## WORK ORDER:
Return the full listing character for character, without its pictures.
□ □ □ □ □
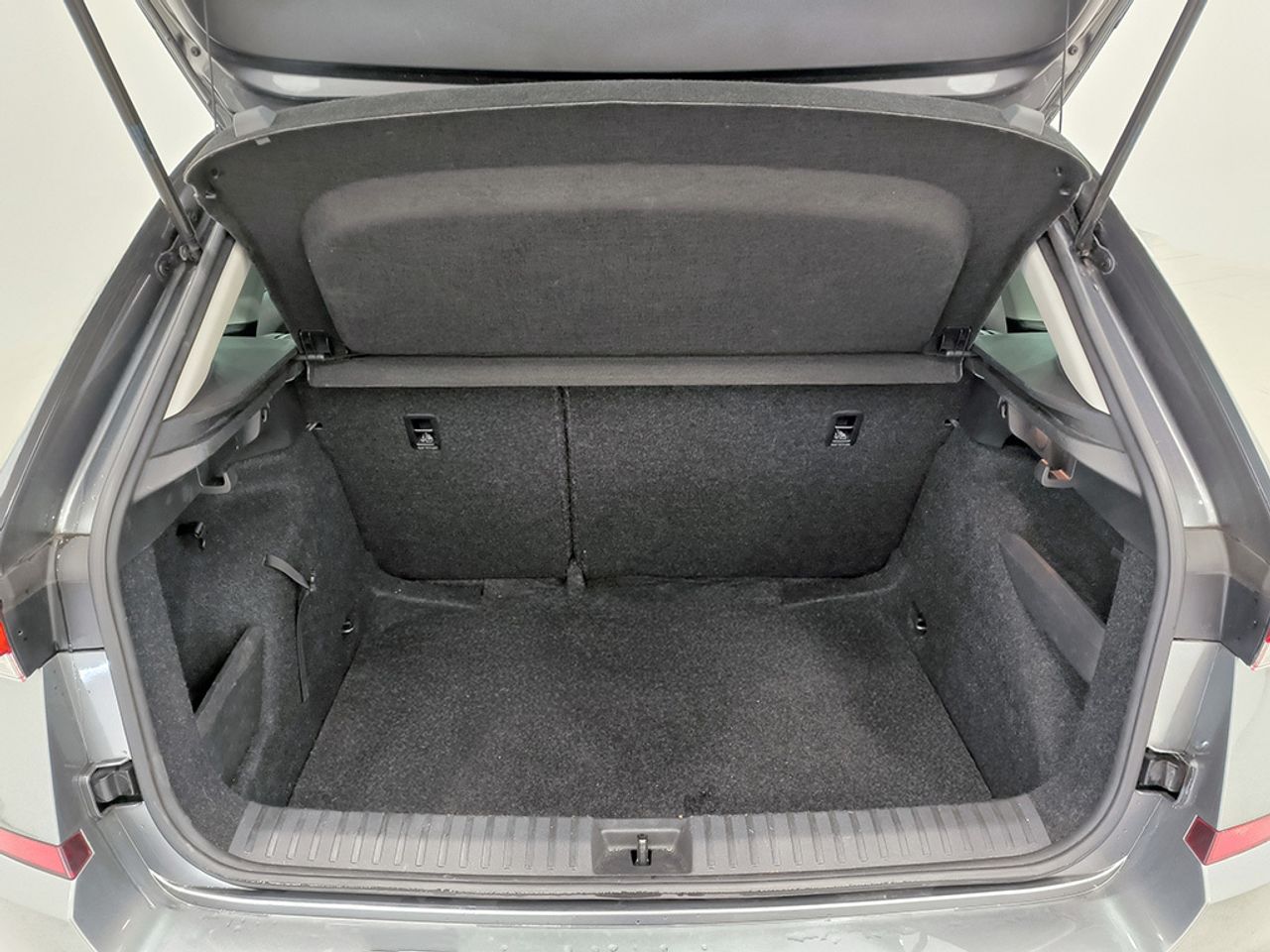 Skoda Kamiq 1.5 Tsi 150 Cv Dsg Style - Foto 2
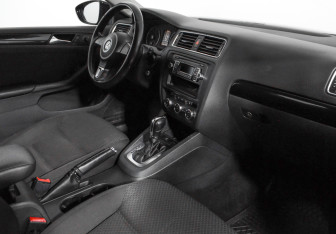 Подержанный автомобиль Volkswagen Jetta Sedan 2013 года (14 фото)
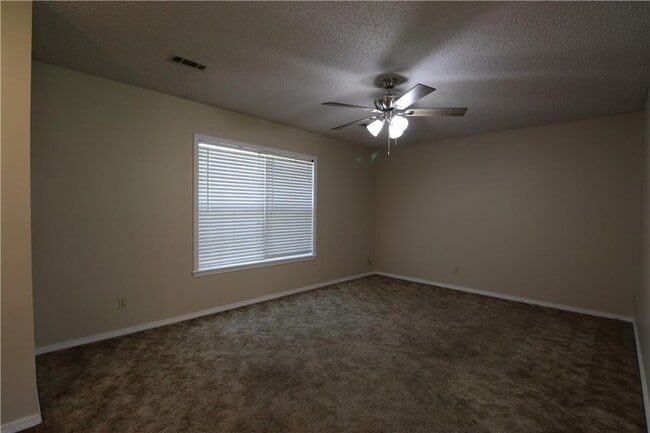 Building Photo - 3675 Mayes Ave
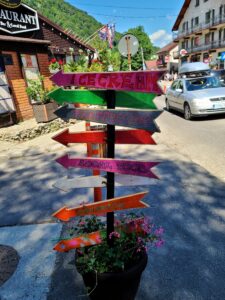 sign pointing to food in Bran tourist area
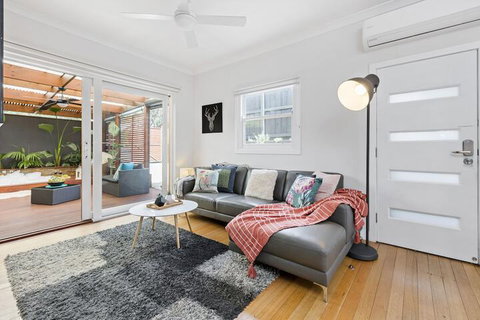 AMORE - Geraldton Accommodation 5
□ □ □ □ □
## RESULT:
 Skoda Kamiq 1.5 Tsi 150 Cv Dsg Style - Foto 2
 Подержанный автомобиль Volkswagen Jetta Sedan 2013 года (14 фото)
 Building Photo - 3675 Mayes Ave
 sign pointing to food in Bran tourist area
 AMORE - Geraldton Accommodation 5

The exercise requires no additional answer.